Zarówno Kiwior, jak i Timber przeszli do „Kanonierów” w 2023 roku. Polak grał wcześniej w Spezii Calcio, natomiast Holender w Ajaksie Amsterdam. W drużynie trenera Mikela Artety często występowali obok siebie jako środkowi lub boczni obrońcy.
"Jakub jest moim dobrym przyjacielem. Był uwielbiany w szatni. Bardzo dobrze gra lewą nogą i głową. Wygrywał pojedynki w powietrzu i strzelił kilka goli głową. Cieszę się, że ponownie się z nim spotkam i zagramy przeciwko sobie" – powiedział Timber przed piątkowym meczem na Stadionie Narodowym w Warszawie.
Piłkarz Arsenalu zdaje sobie sprawę z tego, że musi zatrzymać Roberta Lewandowskiego, który w reprezentacji Polski strzelił 87 goli.
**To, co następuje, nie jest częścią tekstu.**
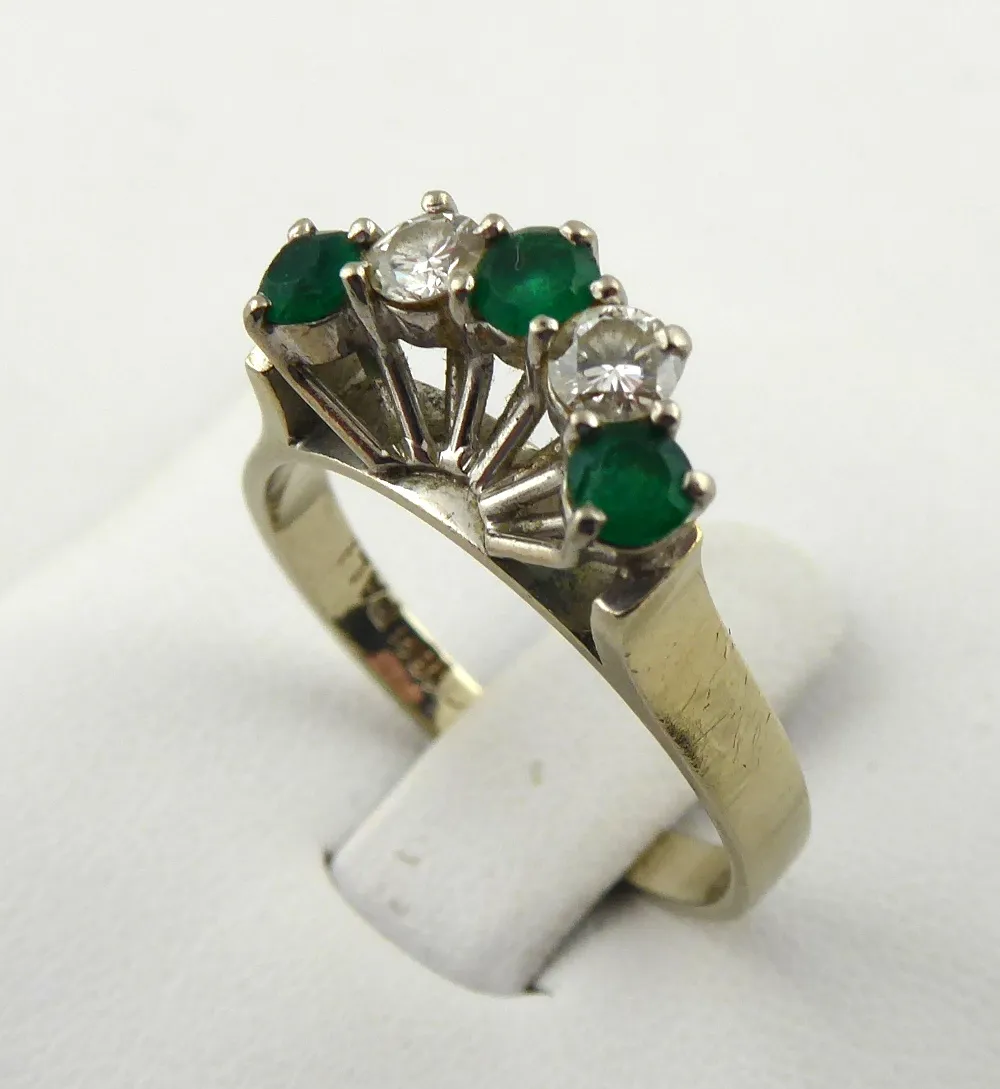 Zlatý prsten se smaragdy a diamanty – 0,30 ct - 2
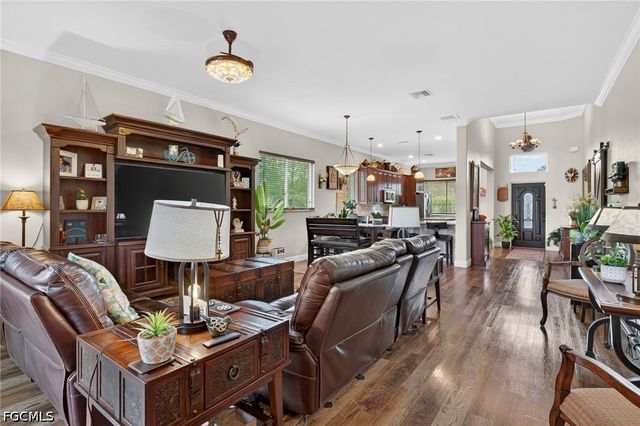 2522 Dora CT, Lehigh Acres, FL 33971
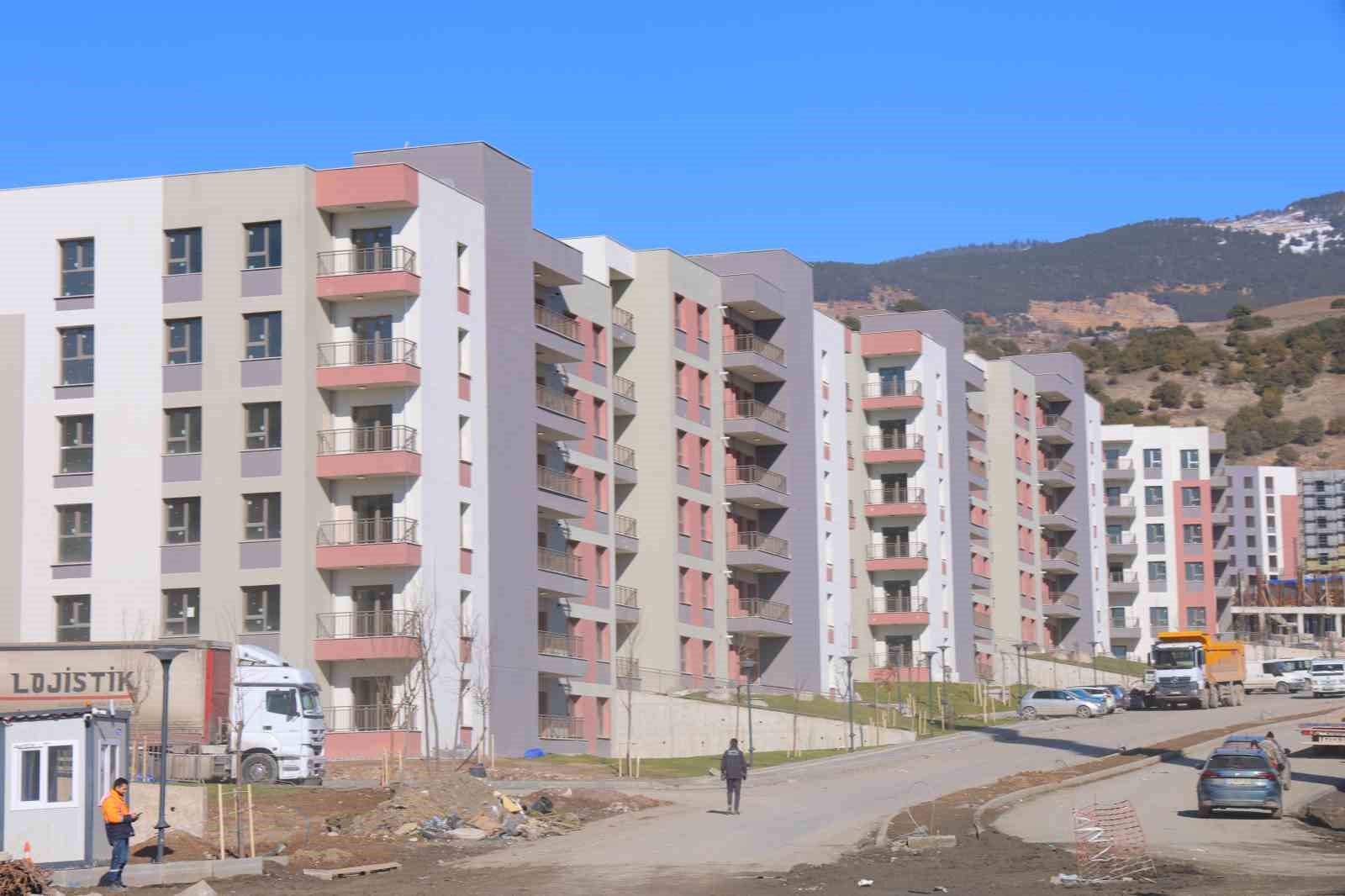 Kahramanmaraş Doğukent’te yerinde dönüşümle yüzlerce konut inşa ediliyor
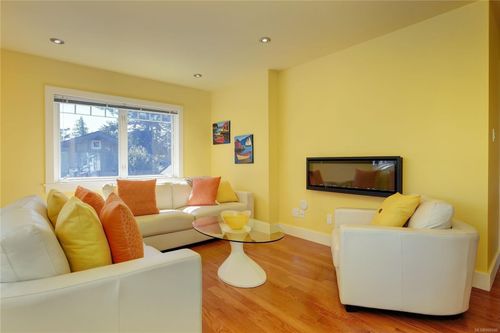 1865 Quamichan St, Victoria, BC, V8S2B7 | Card Image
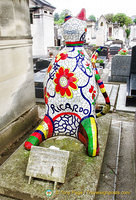 This cat was created by Niki de Saint Phalle for the grave of Ricardo Menon, her assistant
"W klubie nie grałem jeszcze przeciwko Lewandowskiemu, ale mierzyłem się z nim trzy lata temu w meczu reprezentacji na Stadionie Narodowym. Oglądam napastników, przeciwko którym gram. Zapoznałem się również z występami Lewandowskiego w Barcelonie. Jest topowym napastnikiem, którego trudno upilnować, ale musimy też uważać na pozostałych zawodników. Polska ma też bardzo dobrych graczy" – ocenił obrońca.
Trener Jan Urban zapowiedział, że reprezentacja Polski przeciwko Holandii może zagrać ofensywnie, a w pierwszym składzie nie znajdzie się nominalny defensywny pomocnik.
"Zawsze chcemy narzucać swoje warunki bez względu na styl gry rywala. Jeśli zagramy na swoim poziomie, to powinniśmy wygrać" – oznajmił Timber.
Jeśli w piątek Holandia nie przegra na PGE Narodowym, to zapewni sobie awans na mundial. Polacy muszą wygrać, aby zachować matematyczne szanse na zajęcie pierwszego miejsca w grupie.